Las comunicaciones telefónicas interurbanas, autorizadas al prin­cipio, ocasionaron tales trastornos en las cabinas públicas y en las lí­neas, que fueron totalmente sus­pendidas durante unos días y, des­pués, severamente limitadas a lo que se llamaba casos de urgencia, tales como una muerte, un naci­miento o un matrimonio. Los te­legramas llegaron a ser nuestro único recurso. Seres ligados por la inteligencia, por el corazón o por la carne fueron reducidos a buscar los signos de esta antigua comu­nión en las mayúsculas de un des­pacho de diez palabras. Y como las fórmulas que se pueden em­plear en un telegrama se agotan pronto, largas vidas en común o dolorosas pasiones se resumieron rápidamente en un intercambio periódico de fórmulas estableci­das tales como: “Sigo bien. Cuída­te. Cariños.”

Al final, cuando se liberaron de la peste: “El rumor de la ciudad llegaba al pie de las terrazas con un ruido de ola. Pero esta noche era la no­che de la liberación y no de la re­belión. A lo lejos, una franja rojiza indicaba el sitio de los bulevares y de las plazas iluminadas. En la no­che ahora liberada, el deseo bra­maba sin frenos y era un rugido lo que llegaba hasta Rieux.

Del puerto oscuro subieron los primeros cohetes de los festejos oficiales. La ciudad los saludó con una sorda y larga exclamación. Cottard, Tarrou, aquellos y aque­lla que Rieux había amado y per­dido, todos, muertos o culpables, estaban olvidados. El viejo tenía razón, los hombres eran siempre los mismos. Pero esa era su fuer­za y su inocencia y era en eso en lo que, por encima de todo su dolor, Rieux sentía que se unía a ellos. En medio de los gritos que redo­blaban su fuerza y su duración, que repercutían hasta el pie de la terraza, a medida que los ramille­tes multicolores se elevaban en el cielo, el doctor Rieux decidió re­dactar la narración que aquí ter­mina, por no ser de los que se ca­llan, para testimoniar en favor de los apestados, para dejar por lo menos un recuerdo de la injusticia y de la violencia que les había sido hecha y para decir simplemente algo que se aprende en medio de las plagas: que hay en los hombres más cosas dignas de admiración que de desprecio.

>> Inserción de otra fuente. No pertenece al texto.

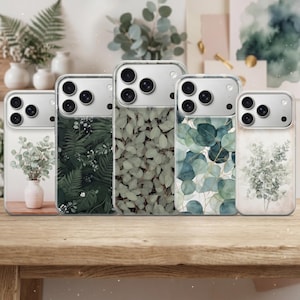 May include: Five clear phone cases with botanical designs. The cases feature various green leaf patterns, including eucalyptus and fern, with a light wood table in the foreground. The cases have a clear border and a camera cutout.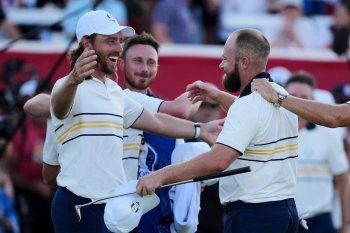 Europe's Tyrrell Hatton celebrates with Tommy Fleetwood on the 18th hole during their singles match on the Bethpage Black golf course at the Ryder Cup golf tournament, Sunday, Sept. 28, 2025, in Farmingdale, N.Y. (AP Photo/Matt Slocum)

Pero sabía que, sin embargo, esta crónica no puede ser el rela­to de la victoria definitiva. No pue­de ser más que el testimonio de lo que fue necesario hacer y que sin duda deberían seguir hacien­do contra el terror y su arma in­fatigable, a pesar de sus desga­rramientos personales, todos los hombres que, no pudiendo ser santos, se niegan a admitir las plagas y se esfuerzan, no obstan­te, en ser médicos.

Oyendo los gritos de alegría que subían de la ciudad, Rieux te­nía presente que esta alegría es­tá siempre amenazada. Pues él sabía que esta muchedumbre di­chosa ignoraba lo que se puede leer en los libros, que el bacilo de la peste no muere ni desapare­ce jamás, que puede permanecer durante decenios dormido en los muebles, en la ropa, que es­pera pacientemente en las alco­bas, en las bodegas, en las male­tas, los pañuelos y los papeles, y que puede llegar un día en que la peste, para desgracia y ense­ñanza de los hombres, despier­te a sus ratas y las mande a morir en una ciudad dichosa”.